Problem to work on
Where the line holding "MULTI-STREAM EMITTER FOR" appears, start copying, and continue exactly through the last line of the listing, skipping pictures.

Available data
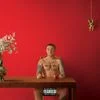 7525 Watching Movies With The Sound Off185537 — Albums With Red Covers option 105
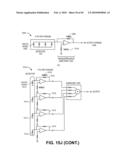 MULTI-STREAM EMITTER FOR NONINVASIVE MEASUREMENT OF BLOOD CONSTITUENTS diagram and image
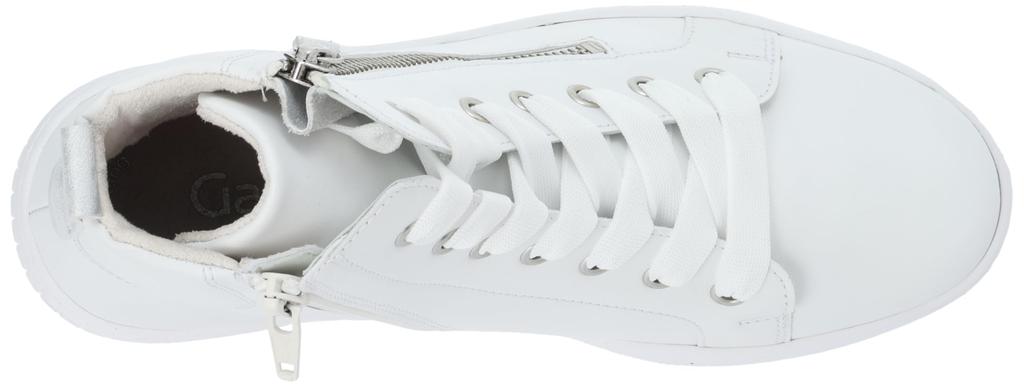 Sneakers 43130 WH Cm [Gabor] Women's 23.0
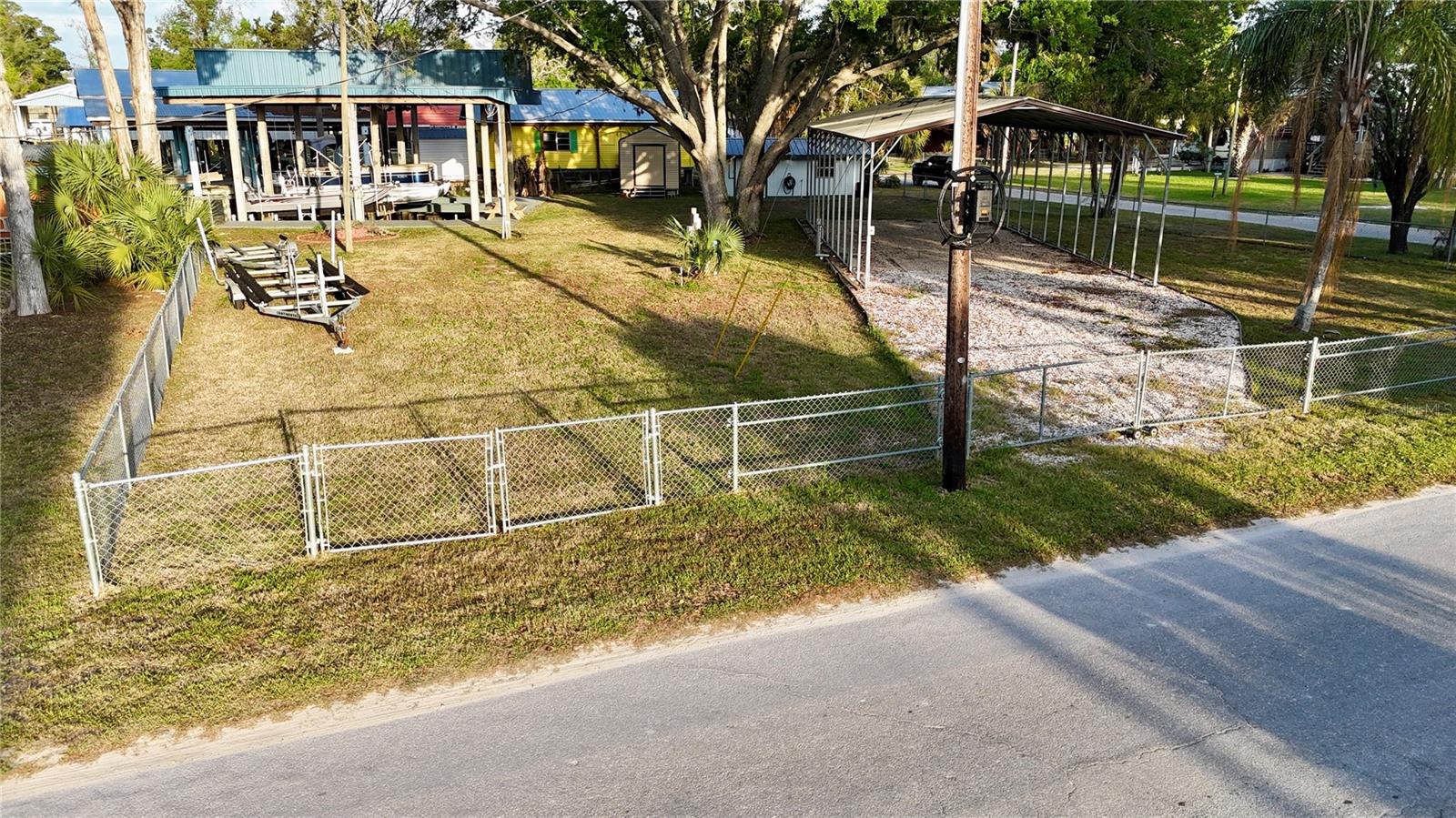 Image 27 of 37 For 249 228 Street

Reply
 MULTI-STREAM EMITTER FOR NONINVASIVE MEASUREMENT OF BLOOD CONSTITUENTS diagram and image
 Sneakers 43130 WH Cm [Gabor] Women's 23.0
 Image 27 of 37 For 249 228 Street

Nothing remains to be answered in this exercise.